I have about 40 more nice ones which will be added to the chimney gallery at:
https://www.hearth.com/gallery/   within 48 hours or so....as soon as I can get them captioned and processed.

Enjoy!


----------



## wg_bent (Apr 9, 2006)

A money making proposition for Hearthnet...The chimneys of Hearthnet calendar.  

I'd buy one!

The SI yearly of Hearthnet?

hey, SI has the bods..we have the sexy chimneys? (there's a stretch eh?)


----------



## webbie (Apr 9, 2006)

Warren said:
			
		

> A money making proposition for Hearthnet...The chimneys of Hearthnet calendar.
> 
> I'd buy one!
> 
> ...



BTW, those caps have a special draft enhancing design.....the wind helps them!

I've resized all the photos....now to caption and upload - some real beauties....

Here's another.....


----------



## case sensitive (Apr 11, 2006)

Time to go to Newport and take pics of the chimney's of the mansions around there.


----------



## webbie (Apr 11, 2006)

case sensitive said:
			
		

> Time to go to Newport and take pics of the chimney's of the mansions around there.



Well, at least I get to write the trip off!

If anyone here has any neat chimneys in the neighborhood, please take a photo and send to me.....


----------



## wowchad (Nov 16, 2007)

This is one I've always been fond of...how DID they do that cap? 
(I just may copy this when we raise mine)


----------



## ozarkjeep (Nov 16, 2007)

what are these capped pipes below the chimney?


----------



## DonCT (Nov 16, 2007)

Some people have probably seen this one.

I LOVE this building


----------



## Shak (Nov 16, 2007)

The capped pipes below the chimney are snow jacks.


----------



## wowchad (Nov 16, 2007)

ozarkjeep said:
			
		

> what are these capped pipes below the chimney?

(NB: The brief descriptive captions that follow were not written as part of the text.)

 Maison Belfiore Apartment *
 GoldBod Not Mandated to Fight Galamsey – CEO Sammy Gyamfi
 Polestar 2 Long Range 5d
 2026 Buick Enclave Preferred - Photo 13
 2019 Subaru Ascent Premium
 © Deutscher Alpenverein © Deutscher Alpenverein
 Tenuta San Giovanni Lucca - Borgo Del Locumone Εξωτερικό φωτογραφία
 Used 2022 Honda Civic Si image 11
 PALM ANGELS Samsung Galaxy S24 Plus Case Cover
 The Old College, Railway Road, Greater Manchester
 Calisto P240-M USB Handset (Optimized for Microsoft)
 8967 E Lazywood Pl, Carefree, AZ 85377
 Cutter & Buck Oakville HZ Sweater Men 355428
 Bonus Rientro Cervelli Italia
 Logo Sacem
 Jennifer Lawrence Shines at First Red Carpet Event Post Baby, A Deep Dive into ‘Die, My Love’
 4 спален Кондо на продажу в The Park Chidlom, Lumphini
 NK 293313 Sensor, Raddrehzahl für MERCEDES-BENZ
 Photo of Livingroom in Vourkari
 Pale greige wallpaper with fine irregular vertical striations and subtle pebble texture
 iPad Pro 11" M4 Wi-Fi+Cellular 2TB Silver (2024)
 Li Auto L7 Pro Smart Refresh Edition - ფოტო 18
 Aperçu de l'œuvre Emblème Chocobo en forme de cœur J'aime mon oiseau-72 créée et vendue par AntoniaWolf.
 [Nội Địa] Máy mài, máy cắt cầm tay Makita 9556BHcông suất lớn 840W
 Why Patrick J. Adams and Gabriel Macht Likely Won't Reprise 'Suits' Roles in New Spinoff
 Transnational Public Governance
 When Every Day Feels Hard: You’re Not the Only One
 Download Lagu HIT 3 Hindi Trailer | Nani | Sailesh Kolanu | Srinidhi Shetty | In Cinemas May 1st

Saftey nets for the gargoils  :lol:


----------



## ozarkjeep (Nov 16, 2007)

Ok, from a southerner,

what is a snow jack?


----------



## marshrat (Nov 17, 2007)

Up here; we at times get 18-24 inches of snow in one shot; on slate or metal roofs it comes off in one shot which can be quite dangerous to folks on the ground. These hold the snow and ice up there so it slowly melts. Then if the air temp is cold enough you get icicles all the way to the ground and big around as some trees


----------